Published online by Cambridge University Press: 07 September 2016
The practice of borrowing money has always existed. Rarely do individuals, groups, communities, or even governments, have enough money to execute their needed programs or carry out their most urgent and important obligations. Financial difficulties, therefore, can and often do lead people to borrow money. Although facilities and sources for borrowing vary between developed and developing countries, it is universally accepted that both the borrower's and the lender's interests must be protected in the transaction. In most developed countries, the main sources of loans are financial institutions. Borrowers negotiate directly with these institutions with regard to both rates of interest and loan repayment. In the developing countries, however, financial institutions are very limited in their ability to provide lending services, especially to the rural people. Consequently, most developing countries have created other methods of borrowing. These methods vary from one country to another. As Herskovits observed (1965: 225-6), “The institution of credit is widely spread in non-literate societies, accompanies all types of exchanges, and is found in cultures of all degrees of economic complexity.”

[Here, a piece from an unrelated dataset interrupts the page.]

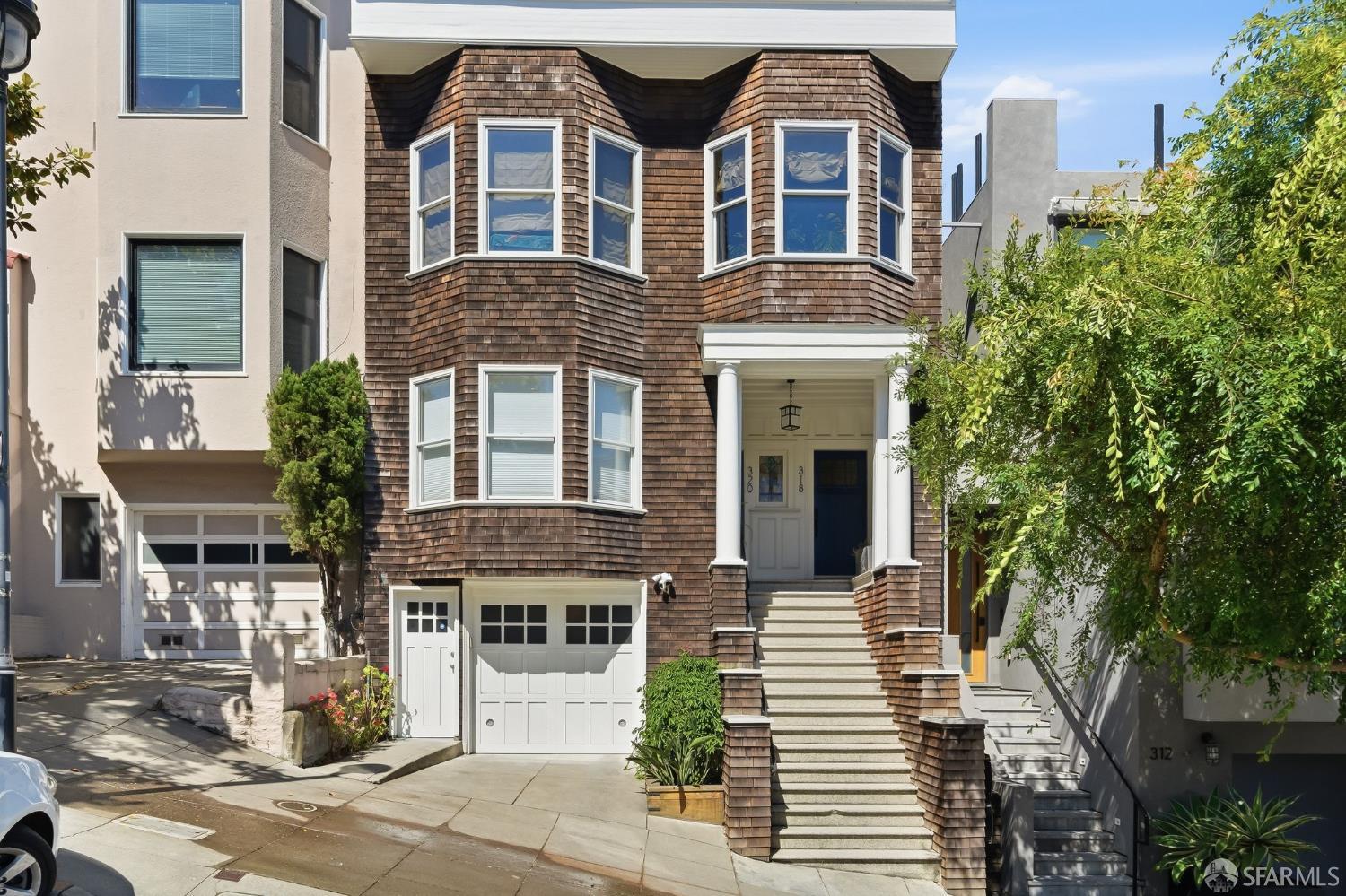 320 Texas Street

One method developed over the years in the Cross River State of Nigeria and, in fact, in most parts of Nigeria, has been pledging. Pledging involves the institutional transfer of the use rights of a piece of property from one individual to another in return for a sum of money. The individual who advances the credit enjoys usage rights of the pledged property until he receives his money back. The practice of pledging oil palm trees is as old as the society itself and continues today in spite of the recently promulgated Land Decree (Nigerian Federal Ministry of Information, 1978).